Ennius must be considered as the father of Roman epic poetry; and the eminent services which he performed for the literature of Rome were fully appreciated by ancient writers. Throughout his works there ran a strain of noble and passionate feeling. The language, though sometimes rough and unpolished, was full of power, and even of sublimity. The structure of the verse was more regular, from the introduction of hexameters, than that in which his predecessors had sung. The principal work, from which we have numerous fragments, was the Annales, an epic poem in eighteen books, in which Ennius sang the history of Rome, from its foundation till his own times. In another work, written in catalectic tetrameter, he celebrated the deeds of the elder Scipio. Besides, he had composed satires and other minor poems, which seem, however, to have been rather translations from the Greek writers: Edesphogetica, or Phageticia, in hexameters, a gastronomic poem after the Greek of Archestratus; several epigrams; Epicharmus, a didactic poem on the nature of things, in trochees and hexameters, from the Greek of Epicharmus; Protepticus, of a moral nature; Praeptula, perhaps the same as the preceding; Asotus, or Solitudinis; also a Latin prose translation of the well-known Greek work of Euhemerus on the Gods; and perhaps in prose, a work on the Rape of the Sabines. His tragedies seem to have been generally composed in imitation of the Greek dramatic writers, Aeschylus, Sophocles, Euripides, and others.
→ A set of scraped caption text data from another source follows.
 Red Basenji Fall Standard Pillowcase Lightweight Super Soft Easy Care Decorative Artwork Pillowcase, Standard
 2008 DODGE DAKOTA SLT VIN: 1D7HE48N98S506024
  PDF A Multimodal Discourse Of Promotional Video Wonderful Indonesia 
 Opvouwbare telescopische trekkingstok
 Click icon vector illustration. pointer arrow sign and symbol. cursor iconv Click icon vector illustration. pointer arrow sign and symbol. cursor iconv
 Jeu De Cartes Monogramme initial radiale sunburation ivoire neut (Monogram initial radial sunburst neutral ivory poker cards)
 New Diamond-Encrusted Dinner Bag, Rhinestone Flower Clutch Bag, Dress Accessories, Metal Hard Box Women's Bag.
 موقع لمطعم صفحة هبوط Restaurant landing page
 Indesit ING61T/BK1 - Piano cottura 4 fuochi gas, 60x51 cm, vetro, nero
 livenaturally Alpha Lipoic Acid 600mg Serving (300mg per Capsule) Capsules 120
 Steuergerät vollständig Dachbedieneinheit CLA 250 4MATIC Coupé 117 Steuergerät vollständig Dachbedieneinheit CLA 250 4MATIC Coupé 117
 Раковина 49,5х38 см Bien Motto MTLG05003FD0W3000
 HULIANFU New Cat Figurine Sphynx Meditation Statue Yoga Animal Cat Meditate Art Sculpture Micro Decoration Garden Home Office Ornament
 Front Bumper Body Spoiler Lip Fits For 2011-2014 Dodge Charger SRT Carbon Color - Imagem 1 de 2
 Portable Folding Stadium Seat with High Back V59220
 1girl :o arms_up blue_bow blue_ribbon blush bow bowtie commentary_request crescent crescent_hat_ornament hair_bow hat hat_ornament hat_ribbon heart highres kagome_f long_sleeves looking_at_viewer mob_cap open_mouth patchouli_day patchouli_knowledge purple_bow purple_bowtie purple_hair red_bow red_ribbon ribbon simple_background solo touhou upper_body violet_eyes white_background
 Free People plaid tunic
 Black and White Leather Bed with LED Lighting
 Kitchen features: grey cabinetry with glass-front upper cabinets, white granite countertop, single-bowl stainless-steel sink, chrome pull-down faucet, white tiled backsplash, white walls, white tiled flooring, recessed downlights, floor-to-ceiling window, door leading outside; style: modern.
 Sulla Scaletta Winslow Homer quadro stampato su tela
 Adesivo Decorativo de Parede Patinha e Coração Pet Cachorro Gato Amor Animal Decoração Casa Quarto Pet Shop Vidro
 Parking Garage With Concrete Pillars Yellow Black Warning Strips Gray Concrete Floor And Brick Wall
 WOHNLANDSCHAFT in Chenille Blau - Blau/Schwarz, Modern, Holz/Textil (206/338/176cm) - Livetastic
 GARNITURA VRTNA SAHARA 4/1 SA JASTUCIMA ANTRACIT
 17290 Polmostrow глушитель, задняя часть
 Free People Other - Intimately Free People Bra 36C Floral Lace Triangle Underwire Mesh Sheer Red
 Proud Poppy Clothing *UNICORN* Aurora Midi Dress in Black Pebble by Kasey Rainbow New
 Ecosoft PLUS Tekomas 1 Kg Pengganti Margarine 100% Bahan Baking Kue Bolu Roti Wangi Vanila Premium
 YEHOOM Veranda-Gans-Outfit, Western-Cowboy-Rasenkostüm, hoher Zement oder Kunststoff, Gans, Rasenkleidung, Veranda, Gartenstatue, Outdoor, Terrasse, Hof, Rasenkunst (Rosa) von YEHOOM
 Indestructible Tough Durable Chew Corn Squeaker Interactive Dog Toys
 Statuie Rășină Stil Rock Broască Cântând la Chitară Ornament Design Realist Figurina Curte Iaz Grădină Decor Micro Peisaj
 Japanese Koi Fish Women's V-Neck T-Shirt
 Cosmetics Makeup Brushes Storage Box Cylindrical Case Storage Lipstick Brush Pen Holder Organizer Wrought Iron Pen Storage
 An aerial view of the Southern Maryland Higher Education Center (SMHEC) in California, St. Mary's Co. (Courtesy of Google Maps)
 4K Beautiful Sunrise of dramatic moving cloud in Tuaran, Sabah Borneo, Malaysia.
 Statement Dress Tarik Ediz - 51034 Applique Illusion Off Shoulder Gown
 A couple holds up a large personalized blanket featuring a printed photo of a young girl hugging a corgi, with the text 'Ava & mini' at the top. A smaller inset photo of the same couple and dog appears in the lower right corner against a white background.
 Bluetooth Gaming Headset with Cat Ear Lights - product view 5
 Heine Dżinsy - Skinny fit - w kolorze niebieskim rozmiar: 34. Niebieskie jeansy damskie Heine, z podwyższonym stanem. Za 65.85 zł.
Those whose titles have been preserved to us are the following: Medea, Iphigenia (after Euripides), Achilles, Ajax (after Sophocles); Telamon, Hector's Lustra; Alexander, Andromache, Hecuba, Eu- menides (after Aeschylus); Dulorestes, Erichtho, Cresphon, Athanas, Andromeda, Telephas, Thesyes, Phoenix, Melanippe, Alcmena, Cressa, Alcestis, Nemea, Ilione or Polydorus, and Antiope.

The titles and fragments of several of his comedies have also been preserved, which, like his tragedies, are copied from the Greek dramatic writers of the new comedy. They are, Amphitruo, Ambracia, Panarettae.

The fragments of Ennius were published by Columba (at Naples, 1590); and again in the Corpus Poetarum by Hesselius (At, Amsterdam, 1707). The fragments of the Anabasis were collected and published by P. Merula (Lugdum Bat., 1595), and by Spangenberg (Leipzig, 1825). The tragedy of Medea was published in part, with a selection of other fragments, and a learned commentary, by H. M. Fluck (Hanover, 1867; 4to).

For a detailed account of the life and character of Ennius, the reader may consult W. Fr. Kreidmuller Oratio de Q. Ennio, Jenae, 1754; Krause, Vitae et Fragmenta veterum Historicorum Romanorum, Berlin, 1833, two volumes; Fabricii Bibliotheca Latina (vol. p. 664), Hamburg, 1721; also Geschichte der Römischen Literatur von Bahr, Carlsruhe, 1832.